Thursday, May 31, 2012

You will never be me ;)

I feel bad for you,
because you truly think that second best feels good,
or something like that...
But darling,
I hate to break it to you.
You will Never Be Me.

I am beautiful, thin, charismatic
Joyful, carefree, engaging.
Many envy me for my intelligence  - my personality, and my looks.
I am strong, and strong willed and I always get what I want.
So when I give something up, and you try to scoop it up like a dog begging at a table for scraps...
I feel bad for you.

I stand tall, I'm confident, I see the best in everything,
I am truthful in ways that most don't understand.
I have the world going for me and more.
I respect myself, hence my decisions.
I respect others, which seems to be a foreign ideal to you.

I will do things in my life, and love those who are in it.
I will see the world, while you are stuck inside your self consuming bubble.

How does it feel to be second best?
On the back burner?
I will always be chosen over you.
It's happened time and time again,
and I truly feel bad that you think you are something special.
If something special is hidden, a secret, and constantly talked shit about and thrown under the bus... then damn I must be confused.

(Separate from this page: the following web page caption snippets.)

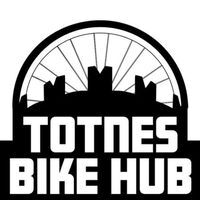 a silhouette of a wheel with a castle in front Totnes Bike Hub 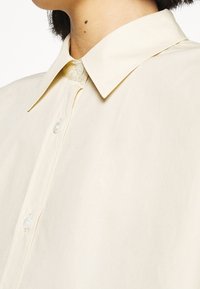 Chemise beige clair à boutons avec col classique. Fabriquée en tissu lisse, elle présente une patte de boutonnage dissimulée et un léger éclat.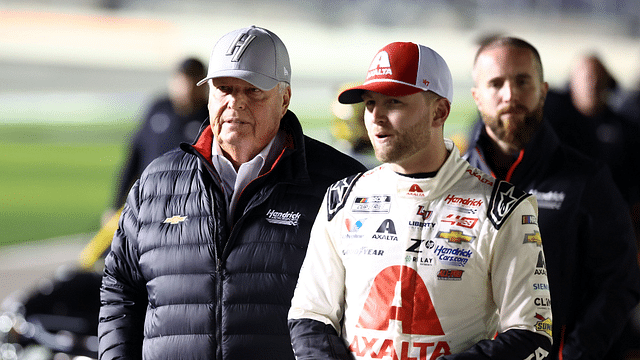 NASCAR Cup Series driver William Byron (24) and Rick Hendrick (left) walk on pit row during qualifying for the Daytona 500 at Daytona International Speedway.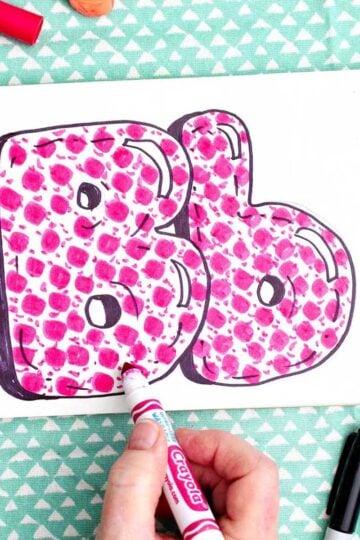 A person coloring in finishing details on the pink pattern inside the "b" bubble letters.
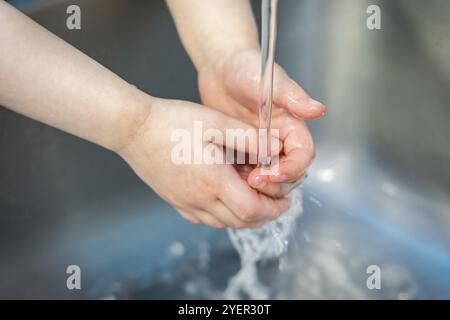 Gros plan de deux mains d'enfants gonflées pendant le moment de lavage des mains avant le déjeuner, faisant de la mousse avec du savon sous un jet d'eau dans l'évier Banque D'Images
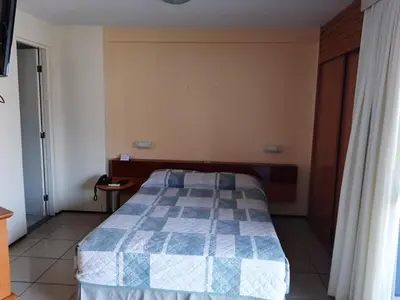 Uma cama ou camas num quarto em Praia Mansa Suite Hotel apto de 1 quarto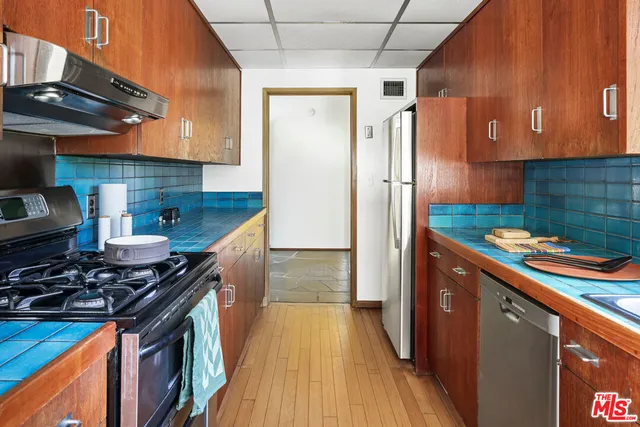 a kitchen with stainless steel appliances granite countertop a stove and a refrigerator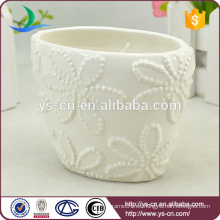 Diseño de flores Los titulares de vela de cerámica blanca al por mayor
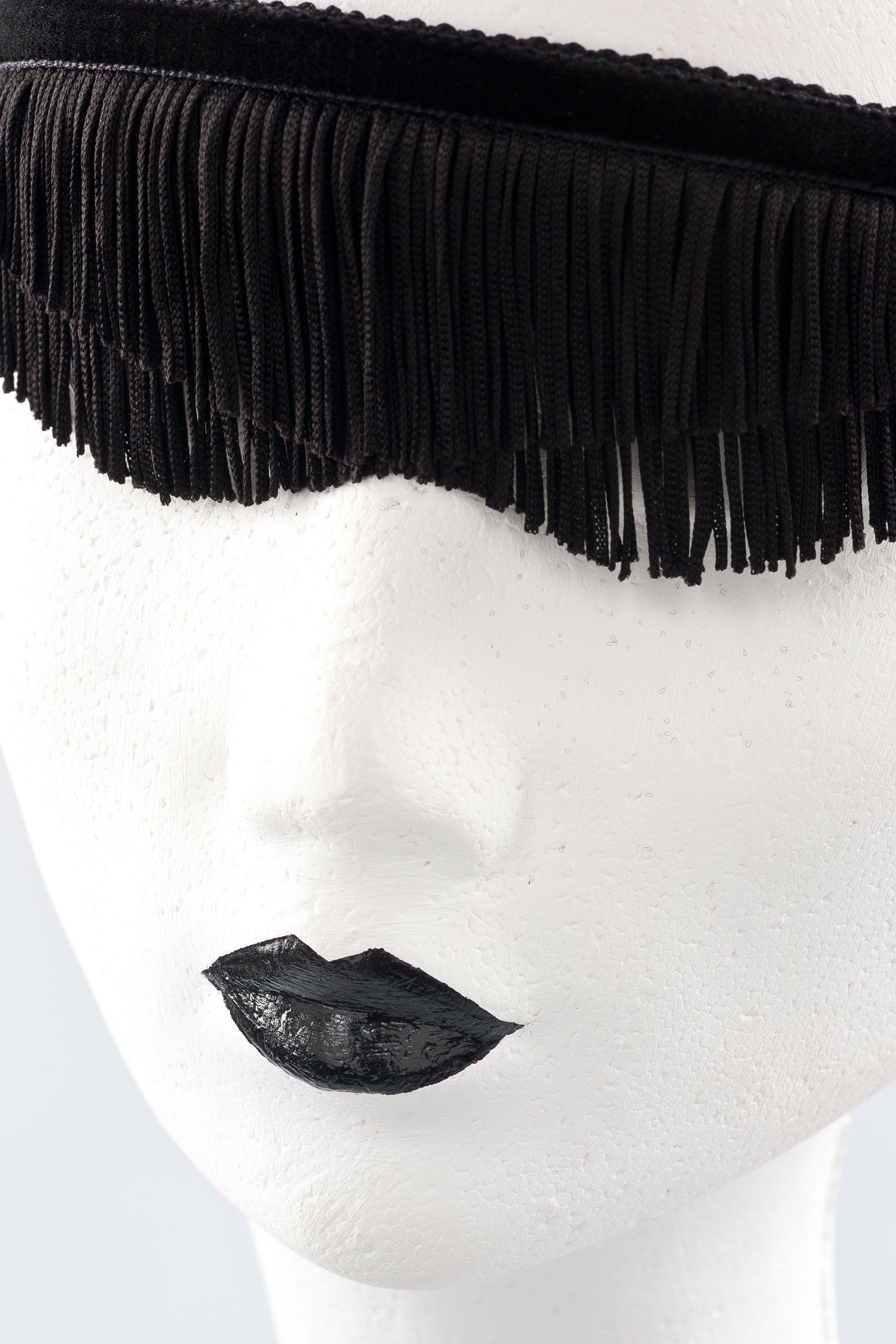 Fraulein Kink Justine fringe blindfold in black, close up front view on white mannequin. Textured fringe in two layers over the eyes bound by velvet ribbon at top. Curved finish under eyes. 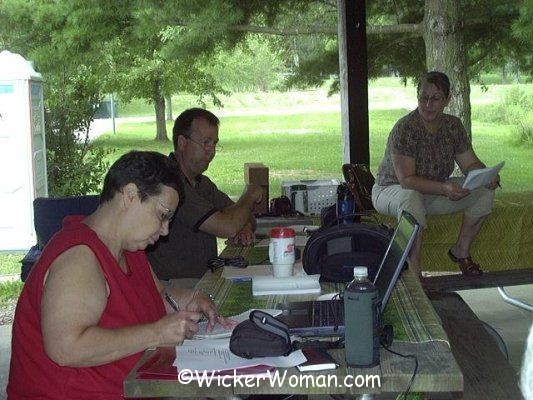 Foundering members sitting at picnic tables for the business meeting of The SeatWeavers' Guild at Robbins Crossing Village in Nelsonville, OH, July 2008.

I am the best she's ever had and will have.
I make her a better person.
You are not even in the same league,
but just a fun thrill.
If she ever is with you, don't doubt she's thinking of me
If she kisses you, when she closes her eyes she thinks of me,
and anything more than that, you can best believe she is thinking of me.
That's all.

At the end of the day, nobody can love her like me, or hold her like me, or do her as well as I can.
True Story.

I'd stop trying to hard if I were you, you are beginning to look desperate.